[SUPPLIED INFORMATION Boundary: Start]

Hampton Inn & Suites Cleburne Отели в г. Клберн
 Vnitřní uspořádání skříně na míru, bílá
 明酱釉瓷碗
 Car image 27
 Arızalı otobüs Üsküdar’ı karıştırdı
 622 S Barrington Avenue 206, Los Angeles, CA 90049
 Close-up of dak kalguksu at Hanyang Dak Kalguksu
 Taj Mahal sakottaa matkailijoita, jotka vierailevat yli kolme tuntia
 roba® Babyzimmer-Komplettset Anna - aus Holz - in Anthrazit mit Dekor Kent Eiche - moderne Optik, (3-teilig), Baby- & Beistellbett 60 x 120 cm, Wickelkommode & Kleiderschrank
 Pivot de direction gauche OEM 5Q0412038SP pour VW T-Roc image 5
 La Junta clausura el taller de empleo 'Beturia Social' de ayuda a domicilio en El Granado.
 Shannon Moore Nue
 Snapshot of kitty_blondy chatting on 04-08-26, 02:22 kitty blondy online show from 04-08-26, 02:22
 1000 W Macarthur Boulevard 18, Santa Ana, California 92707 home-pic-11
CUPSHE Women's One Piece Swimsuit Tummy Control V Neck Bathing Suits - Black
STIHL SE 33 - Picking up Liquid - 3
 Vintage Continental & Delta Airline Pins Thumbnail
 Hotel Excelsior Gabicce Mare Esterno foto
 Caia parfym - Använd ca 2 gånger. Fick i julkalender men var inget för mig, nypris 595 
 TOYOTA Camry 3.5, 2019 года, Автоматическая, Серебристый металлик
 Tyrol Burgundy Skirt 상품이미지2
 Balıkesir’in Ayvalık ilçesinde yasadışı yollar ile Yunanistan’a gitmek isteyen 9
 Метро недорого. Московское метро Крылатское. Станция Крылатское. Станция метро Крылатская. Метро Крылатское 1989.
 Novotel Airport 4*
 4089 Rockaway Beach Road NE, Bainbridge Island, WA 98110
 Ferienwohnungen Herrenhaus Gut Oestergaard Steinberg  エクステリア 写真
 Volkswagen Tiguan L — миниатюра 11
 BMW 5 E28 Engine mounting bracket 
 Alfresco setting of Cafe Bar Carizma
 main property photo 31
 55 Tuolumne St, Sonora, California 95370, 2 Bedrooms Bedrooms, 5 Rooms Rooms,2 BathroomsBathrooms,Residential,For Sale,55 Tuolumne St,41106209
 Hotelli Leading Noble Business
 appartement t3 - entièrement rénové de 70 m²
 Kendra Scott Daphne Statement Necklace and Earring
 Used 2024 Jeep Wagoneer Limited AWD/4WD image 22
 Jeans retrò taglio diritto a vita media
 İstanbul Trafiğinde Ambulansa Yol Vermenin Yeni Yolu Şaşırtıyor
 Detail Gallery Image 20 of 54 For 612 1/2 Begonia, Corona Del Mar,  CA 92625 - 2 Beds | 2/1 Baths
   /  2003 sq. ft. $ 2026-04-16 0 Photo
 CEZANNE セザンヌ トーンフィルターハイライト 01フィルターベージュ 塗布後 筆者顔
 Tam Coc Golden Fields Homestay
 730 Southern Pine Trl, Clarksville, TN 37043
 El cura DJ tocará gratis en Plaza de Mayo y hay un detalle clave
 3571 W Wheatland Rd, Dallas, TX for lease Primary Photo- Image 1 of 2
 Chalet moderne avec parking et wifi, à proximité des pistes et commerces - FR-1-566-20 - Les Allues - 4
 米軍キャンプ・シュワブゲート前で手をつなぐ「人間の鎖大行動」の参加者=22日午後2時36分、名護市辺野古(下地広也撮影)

[SUPPLIED INFORMATION Boundary: End]

- [EXERCISE]:
Write out the entries verbatim, all of them.

- [WORKED SOLUTION]:
Hampton Inn & Suites Cleburne Отели в г. Клберн
 Vnitřní uspořádání skříně na míru, bílá
 明酱釉瓷碗
 Car image 27
 Arızalı otobüs Üsküdar’ı karıştırdı
 622 S Barrington Avenue 206, Los Angeles, CA 90049
 Close-up of dak kalguksu at Hanyang Dak Kalguksu
 Taj Mahal sakottaa matkailijoita, jotka vierailevat yli kolme tuntia
 roba® Babyzimmer-Komplettset Anna - aus Holz - in Anthrazit mit Dekor Kent Eiche - moderne Optik, (3-teilig), Baby- & Beistellbett 60 x 120 cm, Wickelkommode & Kleiderschrank
 Pivot de direction gauche OEM 5Q0412038SP pour VW T-Roc image 5
 La Junta clausura el taller de empleo 'Beturia Social' de ayuda a domicilio en El Granado.
 Shannon Moore Nue
 Snapshot of kitty_blondy chatting on 04-08-26, 02:22 kitty blondy online show from 04-08-26, 02:22
 1000 W Macarthur Boulevard 18, Santa Ana, California 92707 home-pic-11
CUPSHE Women's One Piece Swimsuit Tummy Control V Neck Bathing Suits - Black
STIHL SE 33 - Picking up Liquid - 3
 Vintage Continental & Delta Airline Pins Thumbnail
 Hotel Excelsior Gabicce Mare Esterno foto
 Caia parfym - Använd ca 2 gånger. Fick i julkalender men var inget för mig, nypris 595 
 TOYOTA Camry 3.5, 2019 года, Автоматическая, Серебристый металлик
 Tyrol Burgundy Skirt 상품이미지2
 Balıkesir’in Ayvalık ilçesinde yasadışı yollar ile Yunanistan’a gitmek isteyen 9
 Метро недорого. Московское метро Крылатское. Станция Крылатское. Станция метро Крылатская. Метро Крылатское 1989.
 Novotel Airport 4*
 4089 Rockaway Beach Road NE, Bainbridge Island, WA 98110
 Ferienwohnungen Herrenhaus Gut Oestergaard Steinberg  エクステリア 写真
 Volkswagen Tiguan L — миниатюра 11
 BMW 5 E28 Engine mounting bracket 
 Alfresco setting of Cafe Bar Carizma
 main property photo 31
 55 Tuolumne St, Sonora, California 95370, 2 Bedrooms Bedrooms, 5 Rooms Rooms,2 BathroomsBathrooms,Residential,For Sale,55 Tuolumne St,41106209
 Hotelli Leading Noble Business
 appartement t3 - entièrement rénové de 70 m²
 Kendra Scott Daphne Statement Necklace and Earring
 Used 2024 Jeep Wagoneer Limited AWD/4WD image 22
 Jeans retrò taglio diritto a vita media
 İstanbul Trafiğinde Ambulansa Yol Vermenin Yeni Yolu Şaşırtıyor
 Detail Gallery Image 20 of 54 For 612 1/2 Begonia, Corona Del Mar,  CA 92625 - 2 Beds | 2/1 Baths
   /  2003 sq. ft. $ 2026-04-16 0 Photo
 CEZANNE セザンヌ トーンフィルターハイライト 01フィルターベージュ 塗布後 筆者顔
 Tam Coc Golden Fields Homestay
 730 Southern Pine Trl, Clarksville, TN 37043
 El cura DJ tocará gratis en Plaza de Mayo y hay un detalle clave
 3571 W Wheatland Rd, Dallas, TX for lease Primary Photo- Image 1 of 2
 Chalet moderne avec parking et wifi, à proximité des pistes et commerces - FR-1-566-20 - Les Allues - 4
 米軍キャンプ・シュワブゲート前で手をつなぐ「人間の鎖大行動」の参加者=22日午後2時36分、名護市辺野古(下地広也撮影)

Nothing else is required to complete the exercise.